Multiple Links, Multiple ISP, Single address space
This scenario is what is generally meant when discussing multihoming. The BGP protocol is used to manage the visibility of the single address space across the multiple links and ISP’s and, thus, maintain the routes. In addition, the BGP protocol communicates between the corporate routers and those of the two ISP’s with the protocol being able to detect a link failure and divert traffic to the functioning link even if this is via a different ISP network.
What’s the catch?
There is always a catch, and in this case, there are actually a number of them. To run true dual ISP multihoming and BGP as a corporate, you would need your own Provider Independent (PI) IP address space, and you would need to apply for a unique BGP Autonomous System Number (ASN). The AS Number is used to identify your site as a valid Internet location in the eyes of BGP. While applying for an ASN is not an onerous undertaking, it does place some significant responsibility squarely with you instead of the ISP. Deploying BGP effectively brings your organization one step closer to the Internet by making you responsible for advertising your own public IP address spaces and, thus, your routes. It also means that any operational mistakes you make will spectacularly ripple through the entire Internet.
Address space considerations
Most large organizations that operate true multihoming already have their own Provider Independent address space. This is an address space that they requested directly from the local Internet registrar themselves some time ago before IP version 4 (IPv4) addresses started running out. Today it is virtually impossible to be allocated a PI address space from the IPv4 pool. It is possible to run a multihomed scenario by using ISP-provided IP address spaces. Still, the network configurations become considerably more complex and, at some point, start defeating the end goal of increasing resilience. In the real world, increased complexity seldom equates to improved resilience.

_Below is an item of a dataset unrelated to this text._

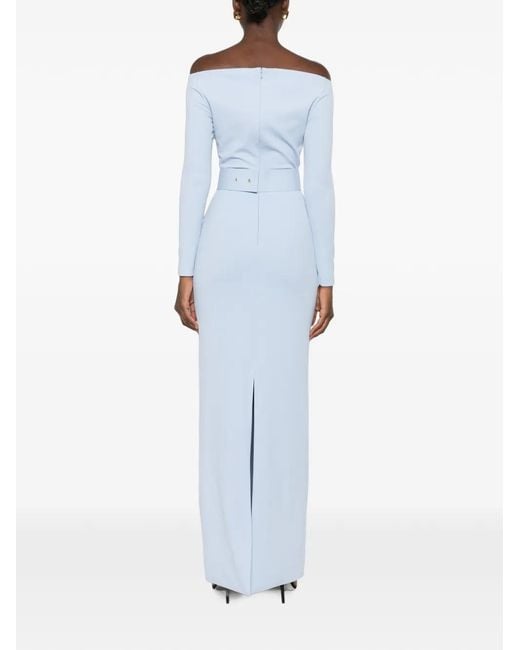 Solace London Blue Sabina Off-The-Shoulder Maxi Dress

A true BGP-enabled multihoming deployment (often known as running default less) will require hardware capable of storing IP routing tables of Internet-scale. This is desirable as it protects the organization from an internal ISP failure. However, it requires the routers on-site to be of a “carrier-grade,” in other words, big and beefy. The Internet routing tables are massive, and the vast amount of processing power and memory will be required to run defaults. It is possible to run in a reduced route mode where only local prefixes are stored on the routers. Still, given the effort and expense of deploying a full multihomed solution, compromise should not really be part of the conversation.
While there are definite advantages to full multihoming, there are also some significant caveats. Complexity and scaling aside, the real reasons and costs for considering multihoming should be carefully considered.
That said, there is no better way to ensure high availability and performance for a highly Internet-dependent organization than through true multihoming. A Provider Independent IP address space will be required and carrier-grade routers configured in a geographically diverse manner and supported by suitably qualified support staff. The benefits can outweigh the costs when direct revenue is generated through the Internet, and multihoming can be seen as a strategic business initiative and something that can help CIO’s sleep well at night.